I banish all further undisciplined rumination. I need purpose. I need an infusion of resolve to shore up the crumbling firewall around my sanity. I point all four cylinders towards home and kick the Civic into its high speed, gerbil-sprinting whine.
But I don’t want to go home. I have no discipline at home. At home, almost as soon as the door closes and I drop my keys in the bowl, worry becomes tyrannical. Doom etches its name on the furniture. In my head, all of the cells automatically unlock and doors swing open and the inmates take over the asylum. I can’t go home. Not until I have to. Not until it’s dark and the only thing left to do is go to bed and be unconscious.
So what, then? My stomach answers with an indiscriminate urgency. I pull into a drive thru for the burger joint with the tallest revolving sign on the road in front of me. I throw a mental dart at the metal clown and order by number, the # 5 Meal, because I do not really care and because, even if I did care, I do not have it in me to weigh my options. I am weary of weighing options.
I park and eat my food and watch the traffic. Streams of people pass me. Not a single one of them has a care in the world
. Each is ecstatic to be alive. The sky is overcast and it is a few degrees cooler today than yesterday. Winter is only a few weeks away. I can see from their expressions – one after another in the stream of candy-colored, metal encased humanity – that these few meteorological facts comprise the complete list of discontentment with which they must contend. The rest – the length and breadth of all human suffering to be found outside of meteorology – belongs exclusively to me. It is my burden alone.

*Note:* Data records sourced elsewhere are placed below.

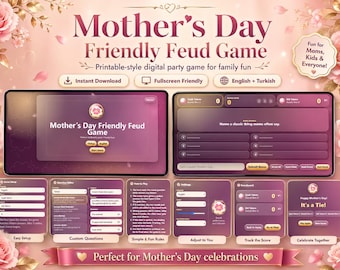Juego de preguntas y respuestas para el Día de la Madre / Juego para fiestas del Día de la Madre / Juego HTML editable / Noche de juegos en familia / Descarga instantánea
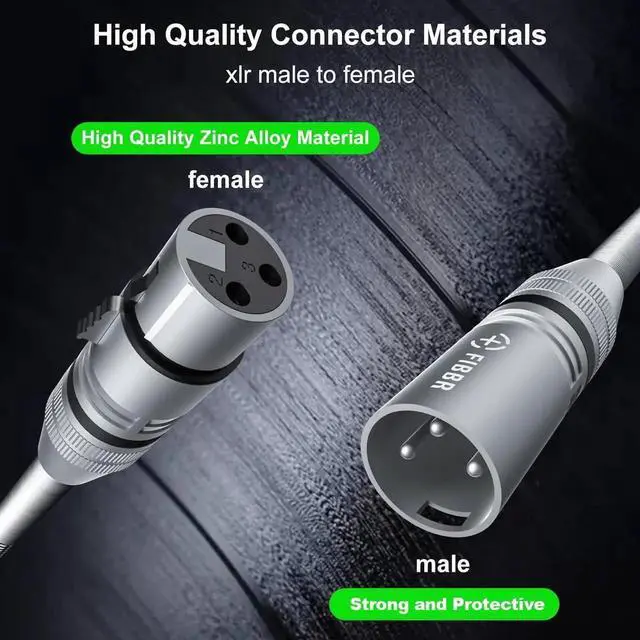 Alt view image 6 of 7 - FIBBR 25ft/8M XLR Male to Female Microphone Cable, Nylon Braided HeavyDuty Balanced Audio Cord, Compatible with Preamps, Speaker Systems & More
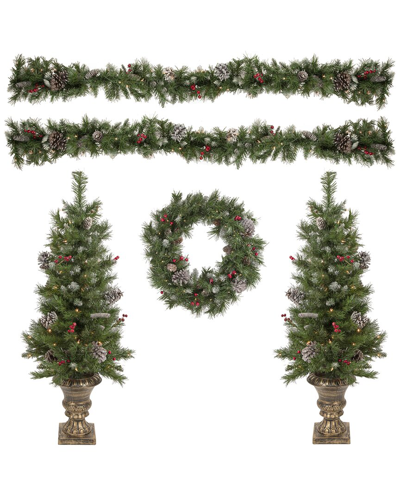Northern Lights Northlight 5-piece Pre-lit Frosted Verona Berry Pine Artificial Christmas Entryway Set In Green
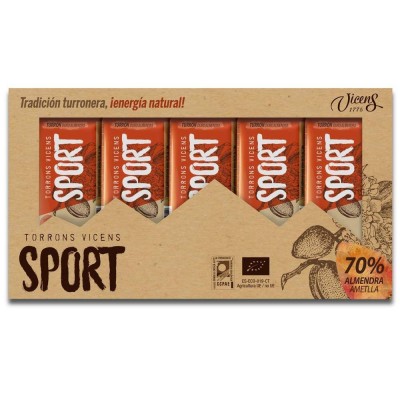 Case of 5 Natural Hard Almond Nougat Bars Vicens Sport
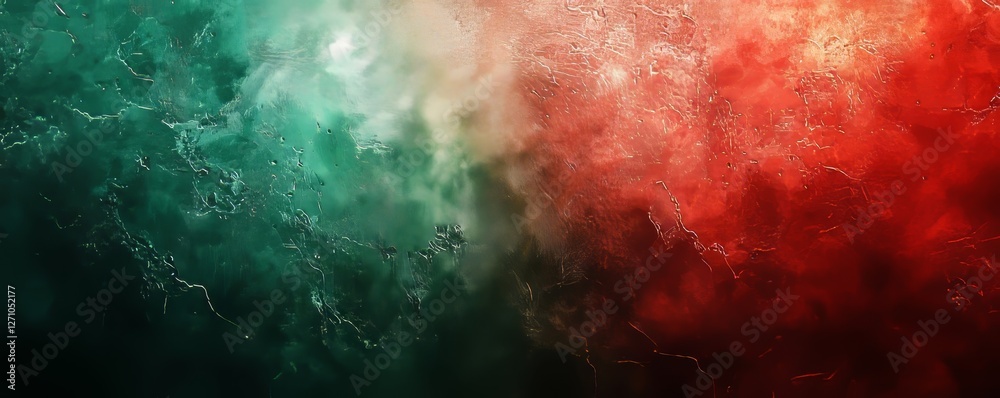 Fototapeta premium Red-Green Gradient Background with a Soft Grainy Texture, Generative AI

I begin wishing for an actual meteor. All of my problems go away if the State of Ohio has to contend with an actual meteor. Are court dates still scheduled if greater Columbus is in the path of a cosmic fireball? Does anyone really care about hemp or coca derivatives if we are all going to blister and pop into flaming bags of bones? Does anyone really care who Brittany Kline has kissed – like an impertinent, tarted-up remora – if the Buckeye State were about to become one giant crater of powdered buckeye soup? And wouldn’t that sudden charred “oneness” among all individual Ohioans count as “finding” her? That’s what was missing in this world; a little fucking perspective.

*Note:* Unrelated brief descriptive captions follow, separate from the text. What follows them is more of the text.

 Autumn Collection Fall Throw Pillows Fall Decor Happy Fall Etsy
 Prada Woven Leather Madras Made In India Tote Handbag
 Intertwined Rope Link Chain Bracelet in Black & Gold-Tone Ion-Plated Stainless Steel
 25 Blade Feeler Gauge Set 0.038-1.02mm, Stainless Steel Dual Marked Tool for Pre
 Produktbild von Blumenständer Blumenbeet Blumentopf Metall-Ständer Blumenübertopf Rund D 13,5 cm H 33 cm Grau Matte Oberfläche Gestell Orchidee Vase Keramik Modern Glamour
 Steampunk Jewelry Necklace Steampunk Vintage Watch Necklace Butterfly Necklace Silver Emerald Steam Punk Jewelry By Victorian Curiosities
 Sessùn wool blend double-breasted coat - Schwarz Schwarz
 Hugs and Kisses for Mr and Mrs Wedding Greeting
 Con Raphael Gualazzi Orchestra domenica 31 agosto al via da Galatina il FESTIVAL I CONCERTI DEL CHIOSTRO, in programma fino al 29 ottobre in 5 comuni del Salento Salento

I am thoroughly sick of myself. Sick of the metastasizing wad of angst that has replaced my heart and stomach. I am sick of the voice in my head. I reach out in search of another voice. Anything. Anyone.
… pinheads about Hurricane Katrina. Okay? This is not about spin. We don’t spin here at da’ Fixture. We don’t dress the news up with a bunch of malarkey. If you’re a Bush hater, if you’re looking for someone to turn natural disasters like Katrina into some excuse for baseless partisan political attack, and if you can hear my voice …
I have been hasty and rash in wanting a different voice in my head. I bag up the remains of the thing I just ate, start the car and drive, trying to reconnect with the odds of a well-placed meteor collision. After twenty minutes of almost random steering, I pass the Buckeye Putt-Putt and I decide to drive out to see Pete Miller.